Under this technique a union representative on occasion may try to "organize" an employer before his workers are organized. If the employer is "sold" before his workers accept the same proposition, the resultant agreement may or may not meet the preferences of the employes concerned, therefore may violate the Wagner Act. Many a Federationist, raised in this concept of bargaining, resents any hint that it should be suspect.

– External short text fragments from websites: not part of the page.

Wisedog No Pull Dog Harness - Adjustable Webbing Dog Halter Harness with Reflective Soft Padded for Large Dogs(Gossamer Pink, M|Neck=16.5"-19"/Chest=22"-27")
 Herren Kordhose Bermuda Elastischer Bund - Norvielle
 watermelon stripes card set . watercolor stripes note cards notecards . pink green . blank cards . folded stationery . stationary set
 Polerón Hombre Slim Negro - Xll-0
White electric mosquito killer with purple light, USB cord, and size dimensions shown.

A. F. of L. now proposes to insure its technique against interference by the present or any future U. S. Labor Board. Important among its ways of doing so:
> Freeze into the law mandatory recognition of "any existing craft" as a bargaining unit--whether it includes one man or 100 in a plant, whether or not a majority of the workers in the plant want craft unions. (NLRB now has discretion to determine which type of bargaining unit seems fairest, in practice has decided in favor of A. F. of L. a majority of disputes directly involving this question. But precedents for deciding otherwise exist, hence bother A. F. of L.'s craft-conscious leadership.)
> In future permit NLRB to set aside agreements only if they: 1) are with an outright company union; 2) grant a closed shop to a union which does not exclusively represent the employes covered; 3) deny a union exclusive bargaining privileges.
> Forbid NLRB to order set aside an existing contract with one union in favor of another merely because the membership has shifted unions (as has sometimes happened to the Federation's distress).
> Modify the present absolute ban against an employer's expressing his preference for a particular union, allowing speech but not overt acts or threats.
> Empower U. S. Circuit Courts of Appeal to review NLRB's findings. (NLRB frankly doubts that many judges are competent to scent the innumerable subtleties of Labor warfare, is already worried because the U. S. Supreme Court has in effect given lower courts the power proposed by A. F. of L.)